Paper shoot with a UV filter on

Using Optical filters with a Paper Shoot

In a Facebook group I’m in, someone asked what size of filters a Paper Shoot (PS) takes. Truth be told there’s little info on that. But in fact the current cases take a 26mm filter thread.

What no official filter spec ?

It’s weird that PS don’t declare this point as it would be handy for folk to know. The modern cases have both an outer and inner thread. The outer is used for the screw on caps and LED light. The Inner I think is for the PS accessory lens. It may be that PS worry about folk bring their own accessory lenses or ignore their digital effect filter system.
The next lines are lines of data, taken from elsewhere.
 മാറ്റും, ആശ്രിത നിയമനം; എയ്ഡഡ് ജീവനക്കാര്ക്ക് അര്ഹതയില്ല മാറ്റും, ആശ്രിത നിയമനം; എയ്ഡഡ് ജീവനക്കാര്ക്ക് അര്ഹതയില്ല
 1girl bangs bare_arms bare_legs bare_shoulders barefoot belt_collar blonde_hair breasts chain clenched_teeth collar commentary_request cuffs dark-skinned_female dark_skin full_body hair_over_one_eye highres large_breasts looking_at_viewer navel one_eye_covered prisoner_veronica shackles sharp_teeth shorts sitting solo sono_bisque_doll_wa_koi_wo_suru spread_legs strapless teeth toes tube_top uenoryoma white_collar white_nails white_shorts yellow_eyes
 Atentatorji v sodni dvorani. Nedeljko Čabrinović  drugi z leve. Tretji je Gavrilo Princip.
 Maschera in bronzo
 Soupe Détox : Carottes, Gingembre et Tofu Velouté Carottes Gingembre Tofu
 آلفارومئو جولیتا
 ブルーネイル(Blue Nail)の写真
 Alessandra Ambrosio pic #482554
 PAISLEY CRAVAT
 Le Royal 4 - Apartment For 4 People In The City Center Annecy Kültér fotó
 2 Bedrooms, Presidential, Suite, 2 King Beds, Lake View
Paper shoot sell a few screw in filters themselves (here the Radial & Six Prism Lens Set). The pricing isn’t bonkers

But whilst I agree you’re probably best buying their effect filters (star, prism, radial, close up, wide angle and fish eye). There’s way more filters that make sense.

But I though this camera has filters built in ?

So yes the Paper Shoot has filters but they’re digital. You get 4 which you can switch between. These are applied to the image after you’ve taken the shot. You can add extra filter using upgrade cards or edit in post for example if you upload your shots via insta et al you can add dozens of filter effects

A Collage of 16 common instagram filter. Image by Jzollman Jessica Zollman, CC BY-SA 3.0, via Wikimedia Commons

What we’re talking about is using optical filters, these are thin usually glass sheets that affect the light passing through before they hit the camera.

UV Filter on Nana Camera
UV Filter on Nana film Camera

How easy is to do this

Pretty easy

Although actual 26mm screw in filters are rare, there is an easy solution. You can easily buy a 26mm step up ring. These allow you to use a bigger diameter filter on a smaller lens filter thread lens. I’ve a 26mm to 30mm step up ring which seems to be the commonest but I have seen 26 to 37mm.

You can stack multiple ring to get a convenient size. Whilst I do own a 30mm UV filter as above and you do rarely find filters that size, I really need to use a second and third ring to get to where I already have filters.

For me that’s 52mm or bigger based on my film camera lenses but whilst you get loads of 52mm filters it does mean you’re obstructing the finder

Paper Shoot with 3 stacked step up filter rings and a filter on
Paper Shoot with 3 stacked filter step up rings and a varlo ND filter on. We have a 26-30mm, 30-43mm and a 43-52mm. I can’t really use the finder however.

But if you don’t have any 37mm may be all you need to head to. It is also a more common filter size and won’t really obscure your viewfinder too much. Other size options are 40.5mm or 43mm although the latter does start to intrude.

Bear in mind this camera meters TTL. This is good as it should auto adjust for most filters you use as usually using a colour or polarising filter will reduce the light hitting the sensor. It also does auto white balance (AWB) which is a limiting factor.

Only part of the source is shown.